Wherever a picture appears in the listing below, leave it out and reproduce the rest exactly.

★ ★ ★

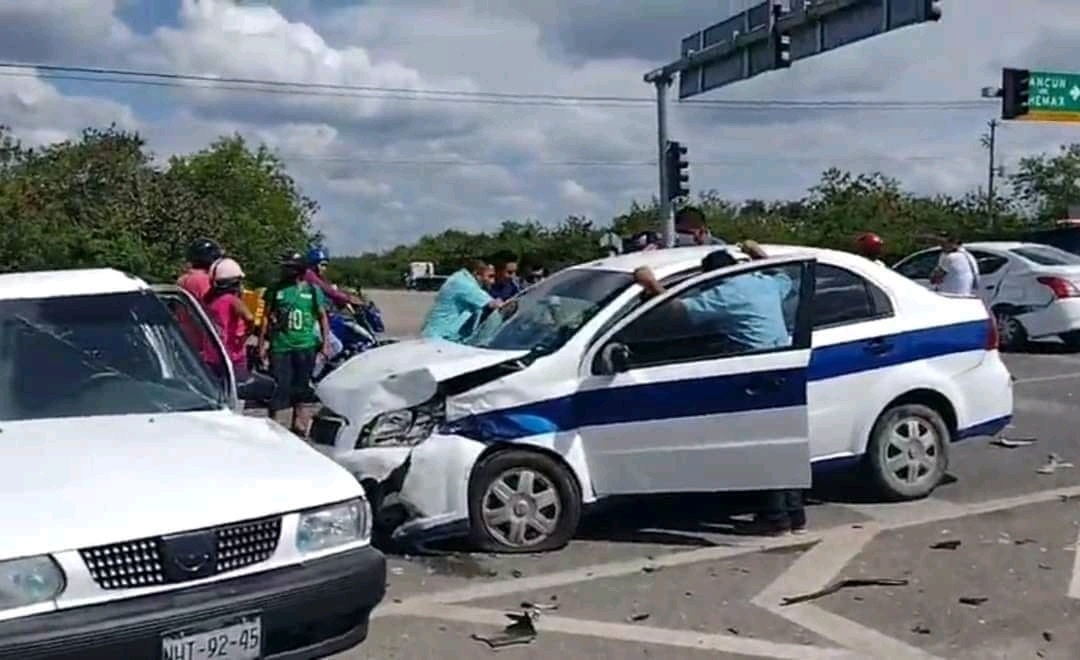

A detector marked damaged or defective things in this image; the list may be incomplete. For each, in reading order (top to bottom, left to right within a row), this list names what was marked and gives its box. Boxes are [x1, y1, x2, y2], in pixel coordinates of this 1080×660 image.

crushed car hood [315, 341, 529, 427]
white damaged sedan [311, 245, 1010, 553]
crushed car hood [0, 412, 362, 557]
broken plastic piece on road [473, 613, 540, 648]
broken plastic piece on road [781, 574, 907, 604]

★ ★ ★

• Result of this exercise
A detector marked damaged or defective things in this image; the list may be incomplete. For each, in reading order (top to bottom, left to right within a row), this list names what was marked and gives its box. Boxes are [x1, y1, x2, y2], in pixel coordinates of this 1080×660 image.

crushed car hood [315, 341, 529, 427]
white damaged sedan [311, 245, 1010, 553]
crushed car hood [0, 412, 362, 557]
broken plastic piece on road [473, 613, 540, 648]
broken plastic piece on road [781, 574, 907, 604]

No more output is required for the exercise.